Thus, it enhances the learner’s entrepreneurial learning competencies represented in building knowledge, skills, attitudes, problem-solving, and metacognitive thinking that affect the desire and the ability for entrepreneurial performance to create new value (Kraiger et al., 1993; Fisher et al., 2008; Sánchez, 2011).

The researchers define SRPBL strategy as an entrepreneurial learning input as: it is a strategy based on integrating some SRL strategies into PBL strategy. It begins by presenting a real problem facing the student, analyzing it, and working to find its appropriate solutions through the knowledge and skills that are gained. It can be done through three phases: Learning tasks, collaborative groups, and sharing, through it a student uses the appropriate strategies of cognitive self-regulation, metacognitive, motivational, and behavioral strategies to process learning tasks through each stage.

Table 2 shows the role of teacher and student in SRPBL strategy

Table 2 Teacher's and Students' Entrepreneurial Roles in The Srpbss Phases
SRPBSS phases as Entrepreneurial Learning Inputs		Teacher's and Students' Entrepreneurial roles
PBL Strategy Phases	SRL Strategies
Learning Tasks	- Organizing and transforming - Elaboration - Seeking academic assistance Information Seeking	- Teacher: poses a learning task (problem) to students - Teacher: motivates students and helps them to understand the problem and use their knowledge to solve it. - Students: exploring the problem and asking questions about it. - Students: summarizing and organizing the main ideas in the learning task and take notes about them. - Students: Seeking information that helps to solve the problem. - Students: Seeking assistance from the teacher for help with the solution
Cooperative Groups	- Goals setting and planning - Organizing and transforming - Information Seeking - Peer Learning - Seeking academic assistance	- Teacher: divides the students into small groups. - Teacher: clarifies the learning task and its instructions - Group: takes notes about the problem and the goal to be reached. - Group: asks questions about the ambiguous and difficult points of the problem. - Group: seeks appropriate solutions and its procedures. - Group: seeks help from peers to overcome the difficulties. - Group: Gathering the necessary information to solve the problem. - Group: implements the solution plan and writes down the solution.
Sharing	- Self-evaluating - Keeping Records - Seeking academic assistance - Self-consequences	- Group: presents their solution and how they find it - Group: evaluates the other groups' solutions and determines the best solutions. - Teacher: gives his observations and explanations about the solutions of the different groups. - Group: writes down the most important notes about solutions and keep them for use later. - Group: Self-consequences according to their work in light of class reward rules.

Theme Two: Problem- Solving Skills as Entrepreneurial Learning Outputs

Entrepreneurial learning aims at creating the learner’s entrepreneurial mindset; this entrepreneurial mind is motivated by the ability to be educated, adaptable and curious looking for new opportunities to invest learning in a field such as “Mathematics”, seeking for solving the problems and reaching multiple solutions to the problem, reinforcing behaviors and problem-solving procedures that enable the learner to respond to the changing goals and problems and changing the solutions when dealing with complex problem.
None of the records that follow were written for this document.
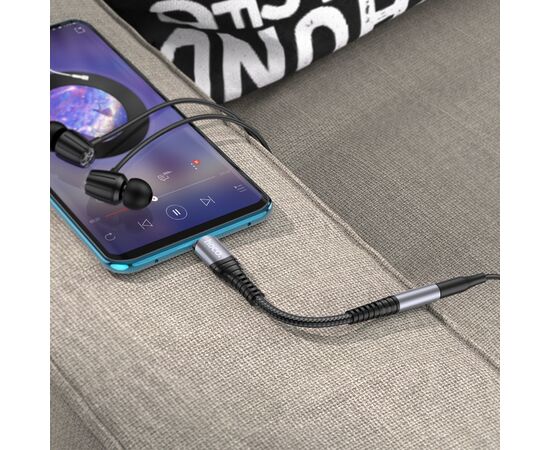  Переходник HOCO LS33, Type-C - Jack 3,5, серый металлик 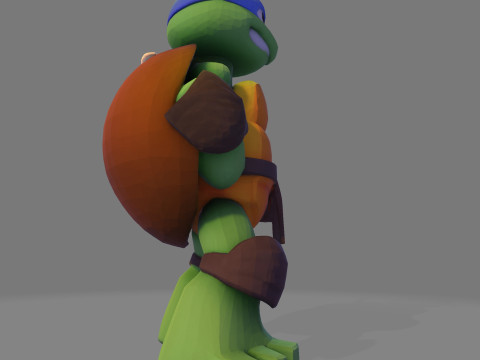 Ninja Tortue laag poly schattig voor FDM hars 3D-printen 3D Model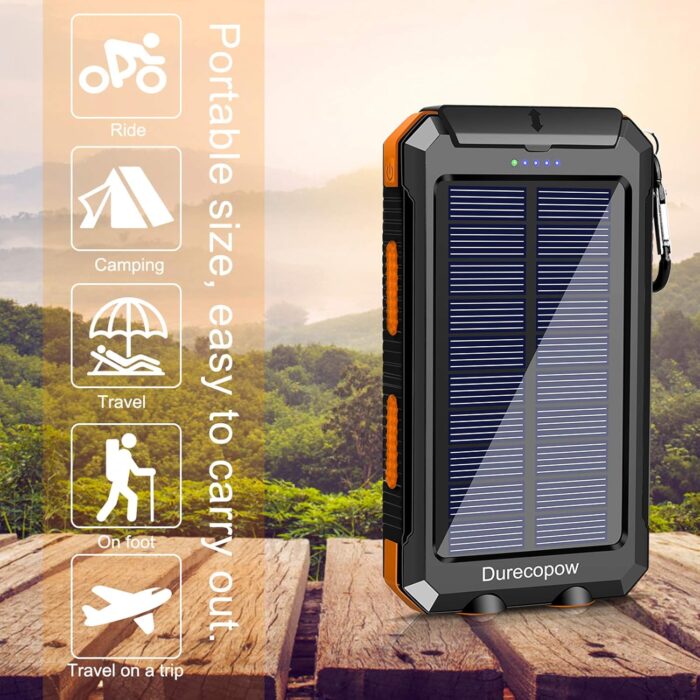 Solar Charger Power Bank, 20000mAh Portable Outdoor Waterproof Solar Battery Charger, Camping External Backup Battery Pack USB C Ports Input/Output, 2 Led Light Flashlight with Compass (Orange) - Image 7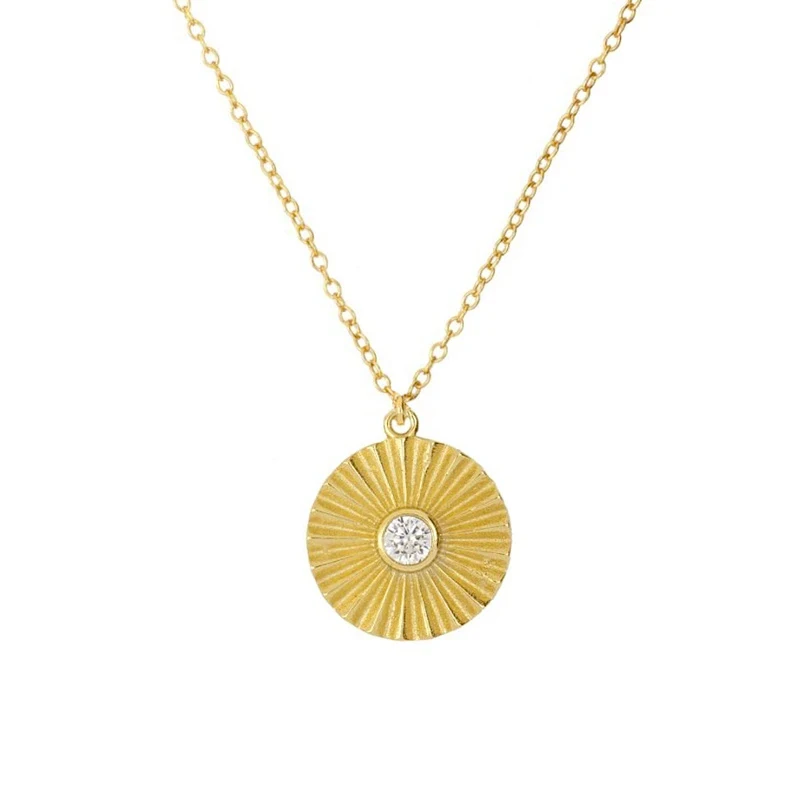 

s925 sterling silver fashion round brand diamond necklace for ladies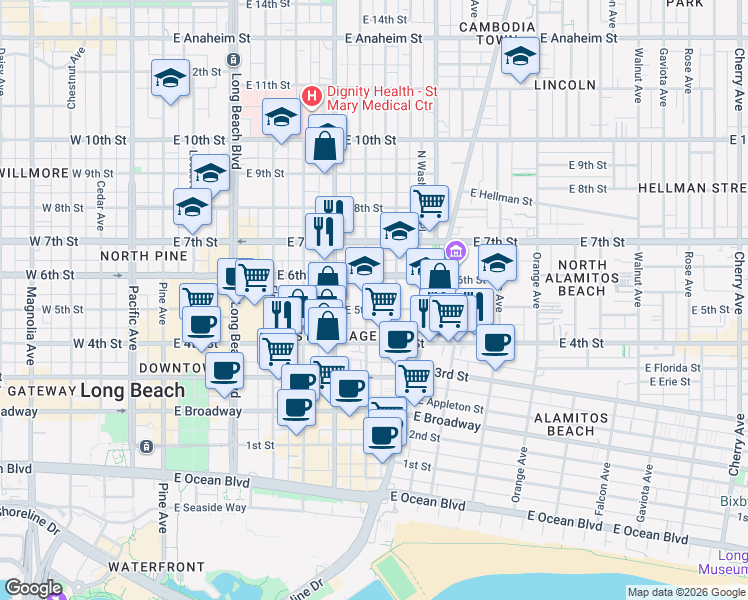 map of restaurants, bars, coffee shops, grocery stores, and more near 715 East 5th Street in Long Beach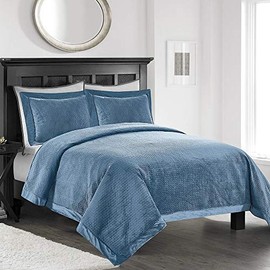 Velvet Lavish Design with Brushed Microfiber 3pcs Bedspreads Luxury Pattern Soft Solid Coverlet Set (Antique Blue, King)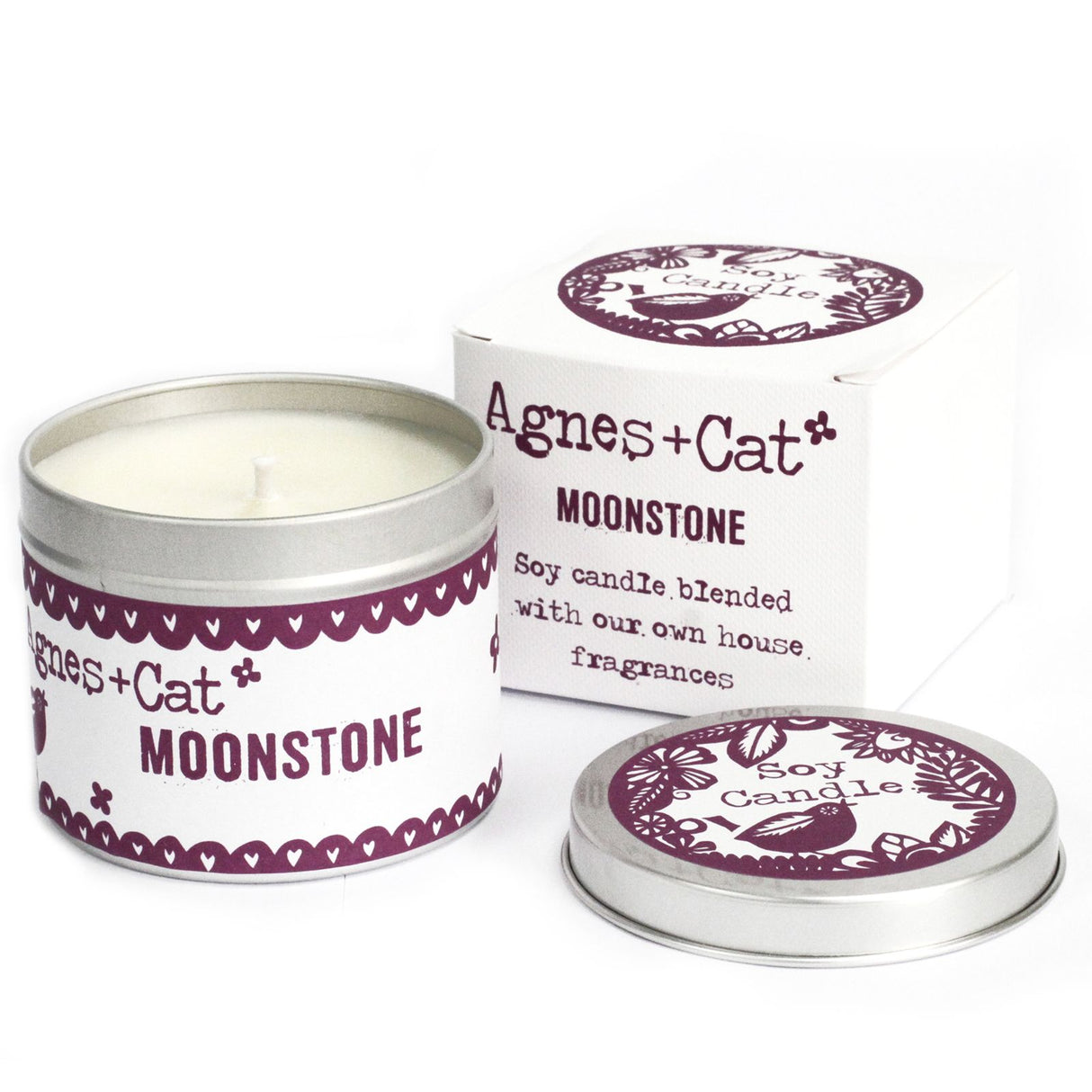 Lumânare parfumată din ceară de soia în cutie metalică Moonstone 200ml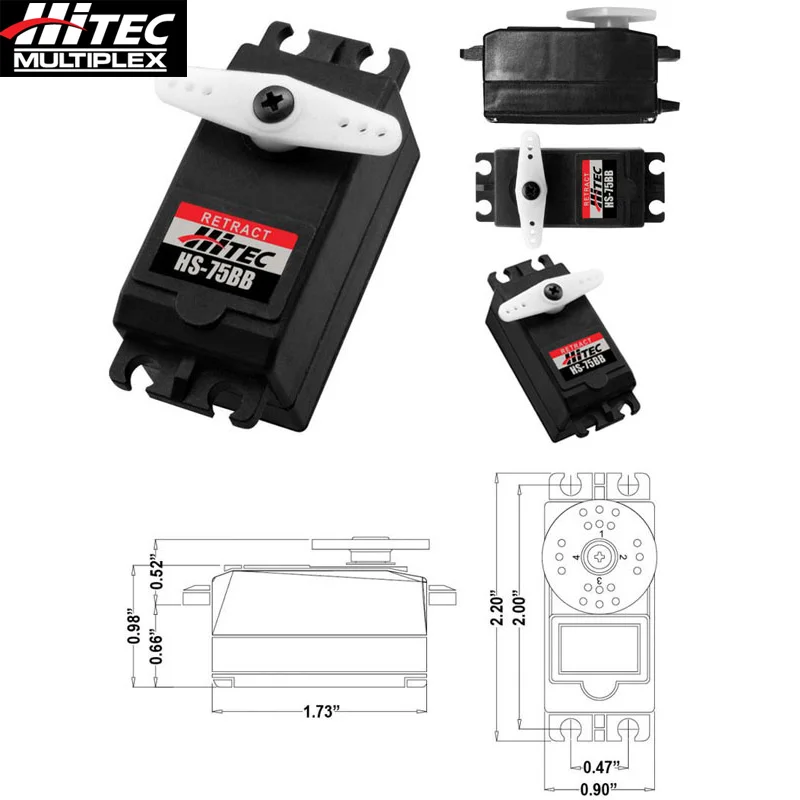 Оригинальный подлинный Многофункциональный Hitec HS 75BB Выдвижной шасси Аналоговый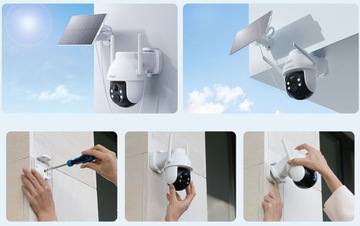 НАРУЖНАЯ СОЛНЕЧНАЯ ВРАЩАЮЩАЯСЯ КАМЕРА WIFI 2K 3MPx ВОДОНЕПРОНИЦАЕМАЯ 4x ZOOM 2 шт.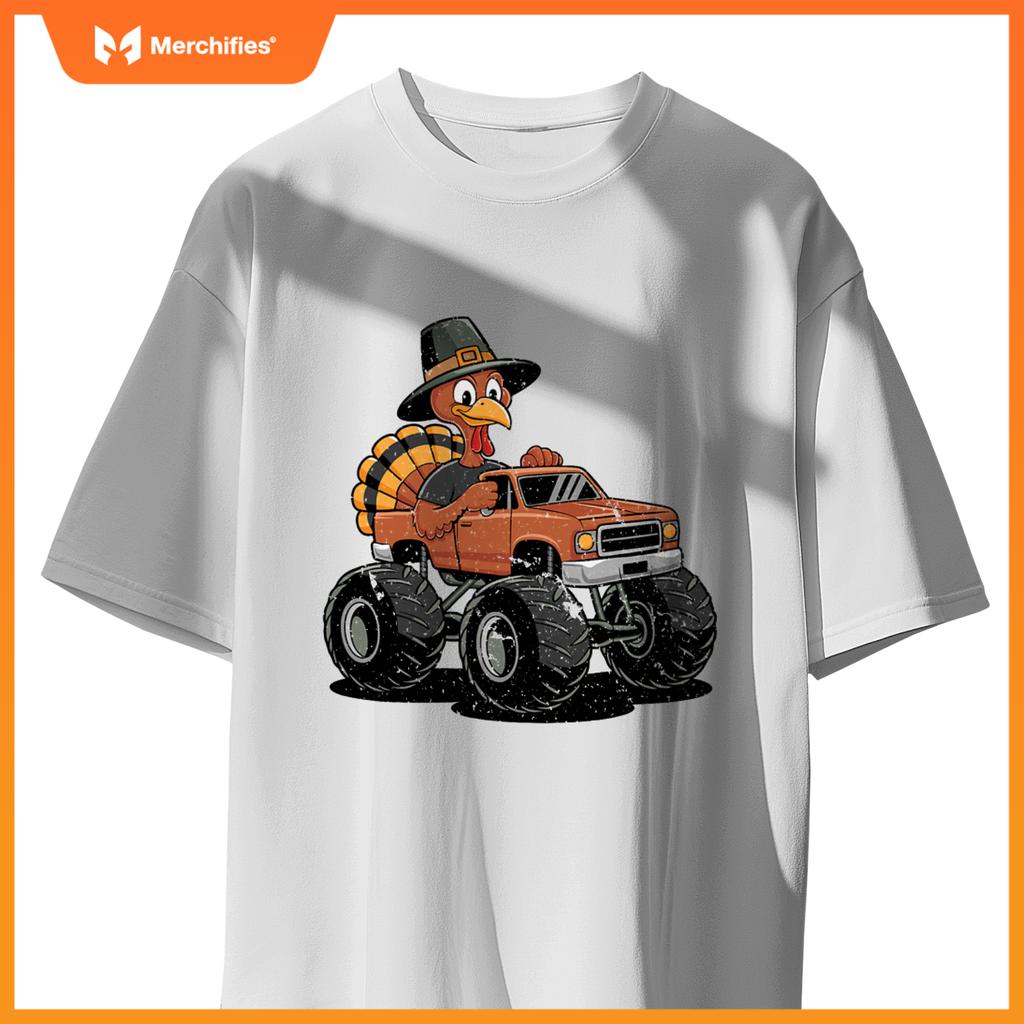 Turkey Riding Monster Truck For Boys girls Kids Thanksgiving T-Shirt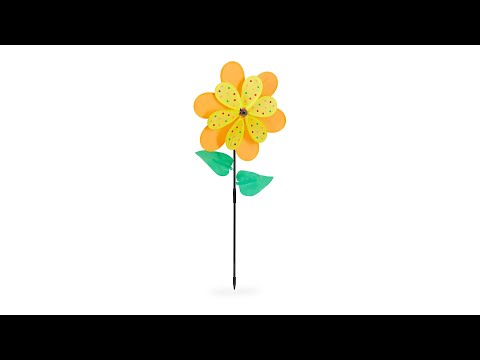 Doppel Windrad Blume Grün - Orange - Gelb - Kunststoff - Textil - 36 x 84 x 11 cm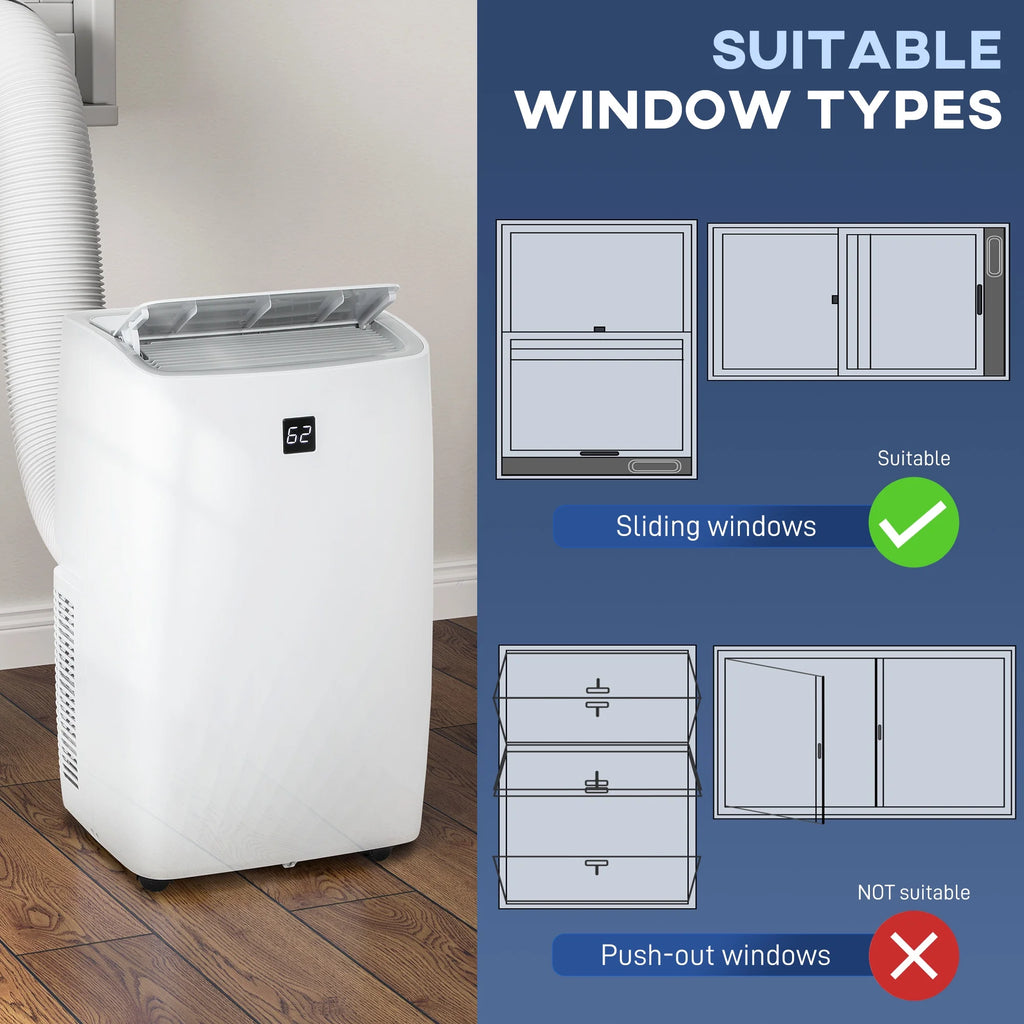 HOMCOM Portable Air Conditioner, 12000 BTU AC Unit with Cool, Dehumidifier, Fan, 550 Sq. ft, 24H Timer On Off, Auto & Sleep Mode, Window Kit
Therefore, enhancing problem-solving skills represents one of the entrepreneurial learning outputs that students aim to reach because the entrepreneurial student should be a reasonable adventurer in problem-solving and should be able to think and perform based on reasonable decision-making processes, and able to reflect, create meaning and clarify the reasons behind the choice of problem-solving methods and strategies used regardless of the success or failure of these methods and strategies in reaching the solution, in addition to the ability to retain the experience, knowledge and skills required to solve problems (Blakemore & Frith, 2005; Johansson Sköldberg et al., 2013). The development of students’ problem-solving skills is considered one of the important indicators for evaluating the entrepreneurial learning outputs, as it gives the students the ability to face their future with confidence, and helps them understand how to relate to the real world, and their future (Neck & Green, 2011; Welsh et al., 2016).

Problem-Solving Concept

Problem-solving is one of the activities that develop an individual’s ability to organize his stored knowledge and use it in new situations in order to reach specific goals, Zaitoun (2009) defines it as: It is a mental representation that involves a series of organized steps that an individual follows in order to reach to a solution to a problem.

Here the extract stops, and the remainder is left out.